A atual Rua João Adolfo situa-se no que foi o interior da chácara em que a fábrica se localizava, nas proximidades do Largo da Memória. Dizia que era uma das maiores fábricas do País, onde trabalhavam 132 pessoas com máquinas modernas. Koseritz foi recebido por um genro de João Adolfo, um pernambucano que falava alemão e morava com a família na própria fábrica.
Impressionante a observação de Koseritz sobre a visita de professores e alunos aos museus. Poderia ter sido escrita na semana passada. É assim que vi os visitantes agirem em todos os museus que visitei.

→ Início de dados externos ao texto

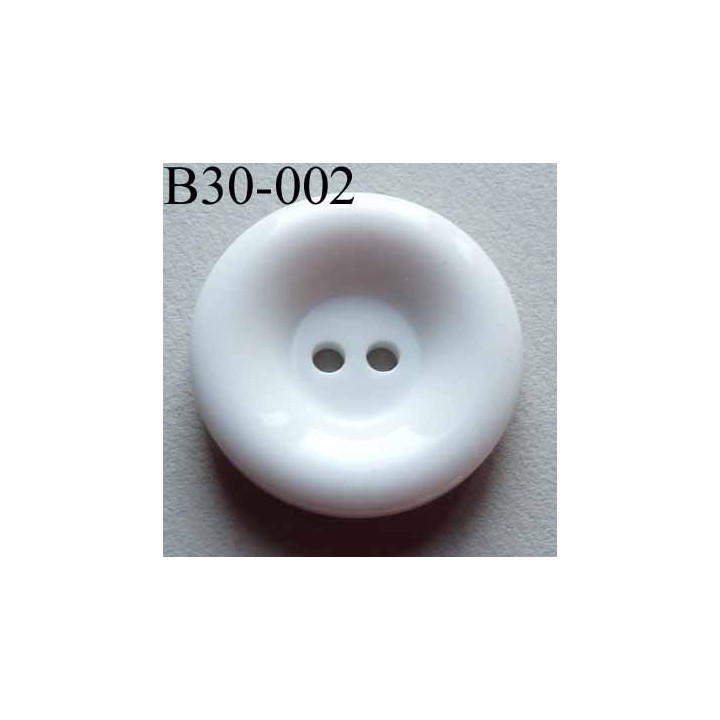 bouton 30 mm couleur blanc brillant 2 trous épaisseur 6 mm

No contexto do Brasil do século XXI, os museus servem para nada – infelizmente. História – cultura em geral, aliás – não atrai o interesse da grande massa que, conectada no mundo virtual, nada quer aprender; nada quer melhorar.
Excelente artigo. Fiquei com vontade de adquirir o livro nele citado.
Infelizmente nossos mestres só visitam museus para sairem da sala de aula e ad crianças mal orientadas só o fazem para sair da escola e assim estamos formando pessoas ignorantes e alheias ao seu passado. Lamento quando um aluno não sabe quem foi ou representou Luzia. Enfim estamos tentando omissos nunca.